A Christian understanding of good development will be strongly informed by our understanding of good stewardship. The most familiar model of stewardship in the Gospel is the Parable of the Talents, the mandate to make the best possible use of the resources we are given. A satirist in the 1980s once engaged in a particularly black piece of humour by commenting that, “The money it takes to feed an African village would provide a nice little girl in Surrey with a pony.” Extreme words, but maybe they should provoke us to consider how effective is our stewardship of resources collected to provide aid to the world’s poor. Money spent on unnecessary, inappropriate and expensively-transported items is money that could be spent on transforming lives. We need particularly to be mindful of being shaped by our own culture; a culture that sets great store by children getting substantial gifts (whether it be a pony or something lesser), is not necessarily a culture that enables us to reflect on what is the best stewardship of the limited resources available to us. We need to be wary of starting out with five talents and not even producing one more for the Master.
If empowerment is a reflection of Jesus’ ministry and effectiveness is a mark of the good stewardship he desires, then development that is enduring is development that reflects the impact that Jesus had on people’s lives. Is what we are doing something that is enduring, something that is sustainable? Will the children we are seeking to assist be able to look back in ten years time and feel that the projects undertaken were projects that changed their lives permanently for the good?
Evangelism and children
As Christians who believe the Good News, it is not unreasonable to ask if we are associated with the best mission practice.
Irish people, of all people, should be wary of bad evangelism (if that is not an oxymoron).

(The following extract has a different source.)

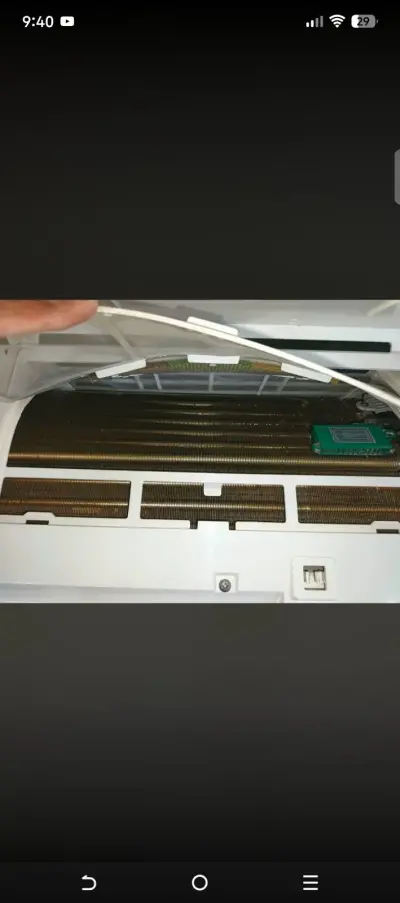 Gree 1.5 ton ( lomo 9 ) Ac for sale - photo 3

The disastrous efforts of sincere evangelical Protestants in the mid-19th Century at the time of the Great Hunger in Ireland poisoned relations between churches and enabled the creation of the term “souperism.” Attempting to make converts by handing out assistance failed as a form of evangelism, (perhaps because it is at such variance with Jesus’ way of doing mission), yet such missionary endeavour persisted through the 20th Century, characterized in more recent times in various places as “cargo Christianity”‘or “rice Christianity.”
The Gospel stands by itself; it does not need material incentives. Nearly forty years after Vincent J.Donovan wrote Christianity Rediscovered: An Epistle from The Masai, there is still a persisting belief that converts can somehow be bought, that by putting material things into their hands, we can make them more receptive to the Gospel. Many of those who experienced such attempts at mission during childhood days will be aware that children, particularly, will recognize a lack of integrity, they will know if there is a sting in the tail of receiving a gift.
In considering aid and children we need to address three simple questions:
Is what is being proposed consonant with Scripture?
Is it consonant with the best development practices?
Is it consonant with the best mission theology?
If the answer to any of those questions is “No”, then we should conclude that we cannot with integrity engage in such projects.
“Which of you, if his son asks for bread, will give him a stone?” asks Jesus. Are we too often giving stones and not bread?